TASK DETAILS: Leave out all pictures while you copy the lines exactly from the one with "Sphynx Dog in" through the last line of the listing.

MATERIAL PROVIDED:
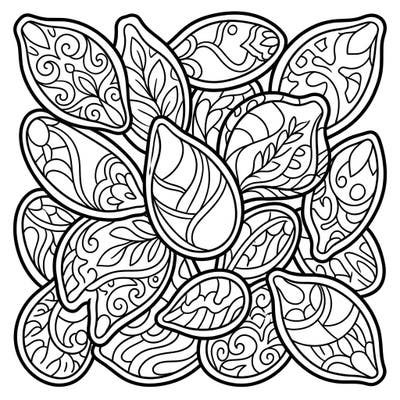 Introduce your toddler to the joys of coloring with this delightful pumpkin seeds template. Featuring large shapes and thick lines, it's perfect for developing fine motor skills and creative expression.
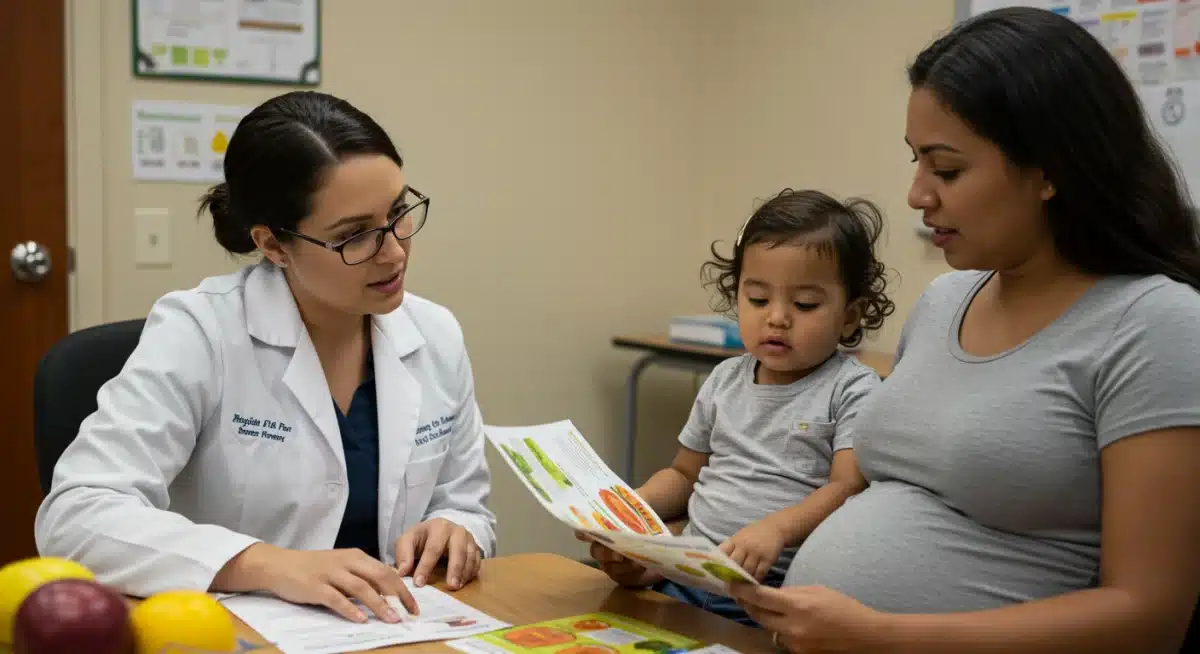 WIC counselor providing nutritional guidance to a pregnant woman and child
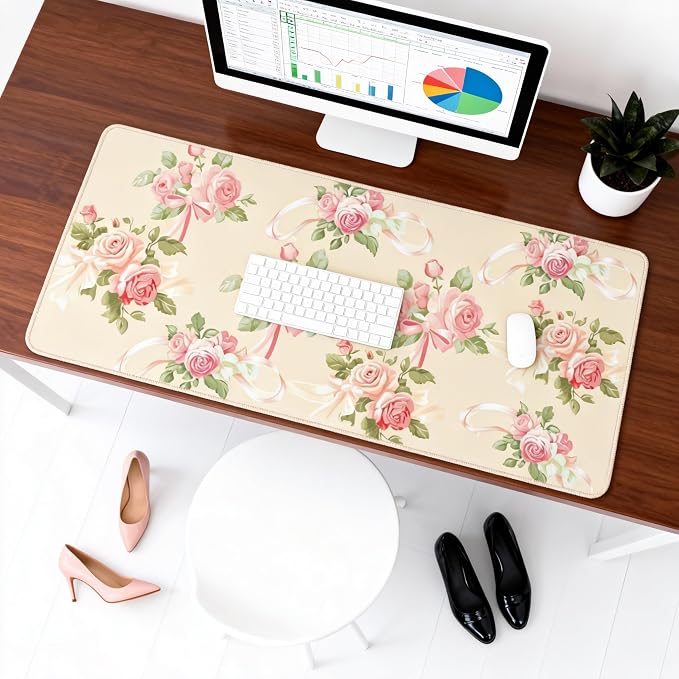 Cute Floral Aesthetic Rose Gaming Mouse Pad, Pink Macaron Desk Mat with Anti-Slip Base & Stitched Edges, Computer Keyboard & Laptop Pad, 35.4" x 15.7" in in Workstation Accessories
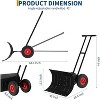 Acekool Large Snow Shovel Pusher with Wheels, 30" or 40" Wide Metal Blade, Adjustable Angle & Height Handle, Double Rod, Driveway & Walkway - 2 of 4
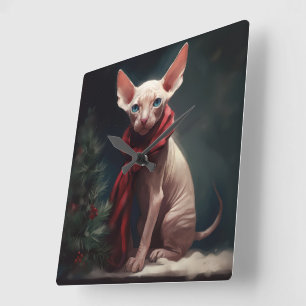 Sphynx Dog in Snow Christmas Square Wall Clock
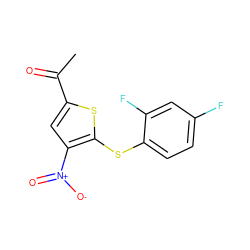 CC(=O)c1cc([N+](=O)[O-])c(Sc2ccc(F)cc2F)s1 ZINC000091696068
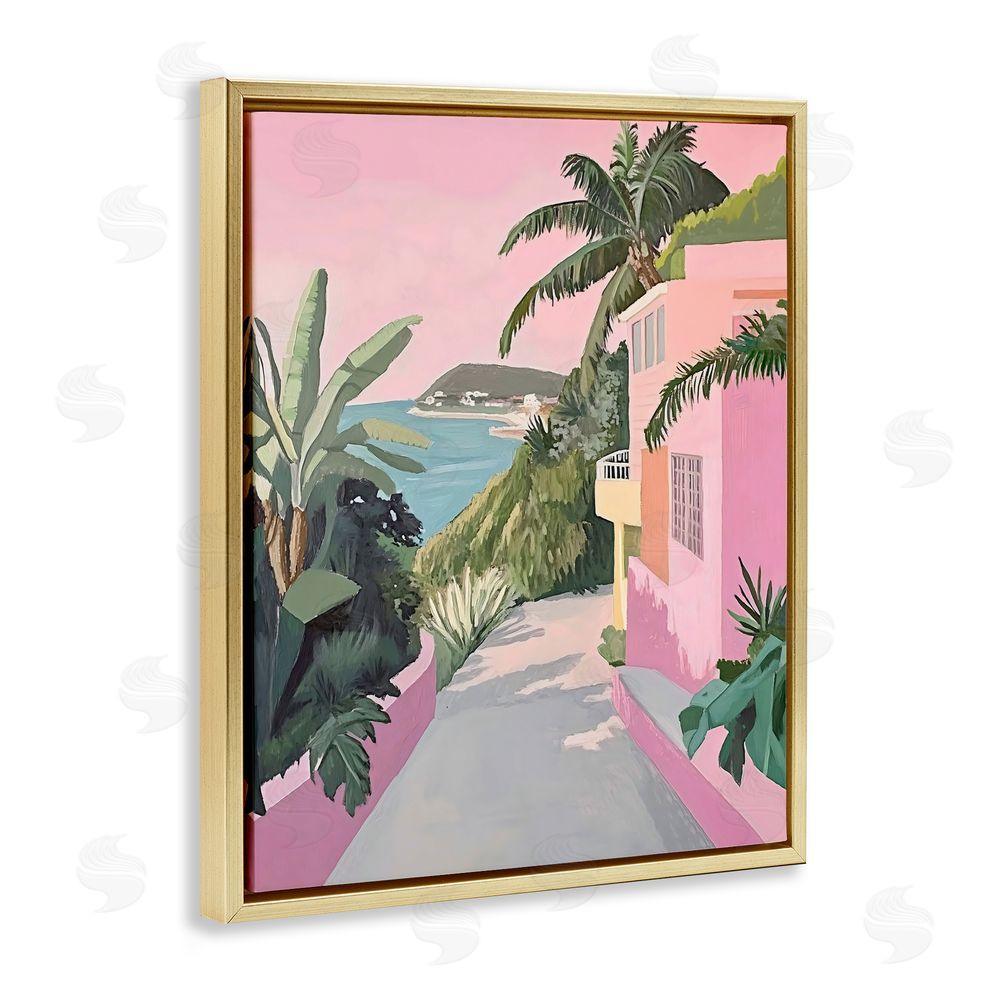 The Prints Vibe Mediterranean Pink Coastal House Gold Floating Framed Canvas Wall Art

TASK SOLUTION:
 Sphynx Dog in Snow Christmas Square Wall Clock
 CC(=O)c1cc([N+](=O)[O-])c(Sc2ccc(F)cc2F)s1 ZINC000091696068
 The Prints Vibe Mediterranean Pink Coastal House Gold Floating Framed Canvas Wall Art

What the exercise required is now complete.